Schatten auf den Stufen – Ein Requiem für die Leuchtturmschule in Hörnum

Hörnum. Es war einmal ein Klassenzimmer in den Wolken. Heute steigen Besucher die enge Spindel der Wendeltreppe hinauf, den Blick erwartungsvoll auf das Panorama gerichtet, das sie in dreißig Metern Höhe erwartet. Sie kommen für die Aussicht, für das Selfie über der Brandung. Doch wer innehat, wer zwischen dem Keuchen des Aufstiegs und dem Staunen über die Weite kurz die Augen schließt, der kann sie vielleicht noch hören: die Schritte der Kinder von einst, die hier nicht die Freizeit suchten, sondern das Leben lernten.
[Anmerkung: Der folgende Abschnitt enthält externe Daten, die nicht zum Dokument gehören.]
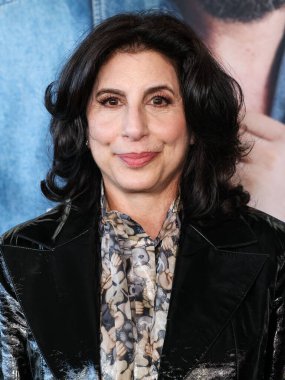 Amazon MGM Stüdyoları Küresel Pazarlama Başkanı Sue Kroll, 4 Ekim 2025 'te Miracle Mile Mile Mile' daki David Geffen Tiyatrosu 'nda düzenlenen Amazon MGM Stüdyolarının Los Angeles' taki özel gösterimine geldi.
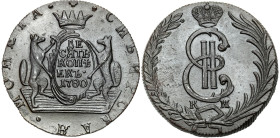 Russia copper coin collection – part two
RUSSIA / RUSSLAND / РОССИЯ / Moscow / Petersburg

Rosja, Catherine II. Siberia. 10 Kopek (kopeck) 1780 KM,...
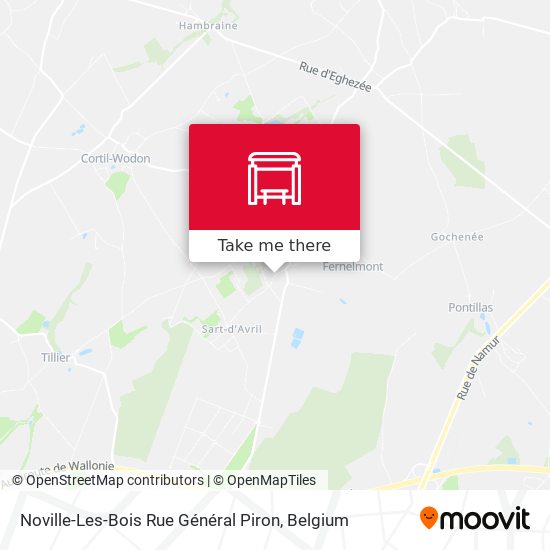 Noville-Les-Bois Rue Général Piron plan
Die Schule ist fort. Der Raum, in dem einst das Wissen mit dem Meeresrauschen um die Wette tönte, ist heute ein stilles Museum, ein konservierter Moment in Bernstein. Wo heute Touristenführer auf den Horizont deuten, regierte einst Lehrer Levi mit jenem strengen, aber fürsorglichen Blick, der nötig war, um eine Schar von Wildfängen im Zaum zu halten. Es waren die Merten-Brüder – Hans, Walter und Hindenburg –, der Leuchtturmwärtersohn Hans Jacobsen und die Kinder der Wehrmachtsbediensteten, die diesen Turm mit Leben füllten. Für sie war der schwindelerregende Aufstieg kein Urlaubserlebnis, sondern der tägliche Gang zur Pflicht, hinauf in ihre gläserne Bastion der Bildung.

Wenn man heute durch die Scheiben auf das moderne Hörnum blickt, fällt es schwer, sich die einstige Einsamkeit vorzustellen, die diese Mauern umgab. In den stillen Jahren zwischen den Kriegen war hier fast nichts als Sand und Wind. Einundzwanzig Seelen zählte der Ort, sieben Häuser duckten sich in die Dünentäler. Das Hapag-Haus, geführt von der unvergessenen „Mutti Merten“, war damals der einzige wärmende Pol in einer rauen Welt, ein Ort der Geborgenheit, dessen Geist nur noch in vergilbten Chroniken lebt.

Die Kreide ist weggewischt, die Schulbänke sind Geschichte. Später zog die Schule in eine Holzbude, dann in ein richtiges Gebäude, bis 2011 die Türen für immer schlossen. Was bleibt, ist der Turm. Er steht noch immer als stummer Zeuge jener Tage, als Hörnum ein vergessenes Ende der Welt war. Wer heute die Führung bucht und den „Hörnumer Blick“ genießt, der besucht nicht nur eine Aussichtsplattform. Er betritt einen verlassenen Sakralraum der Kindheit, in dem das Echo des Abc-Schützen noch immer leise im Pfeifen des Windes widerhallt.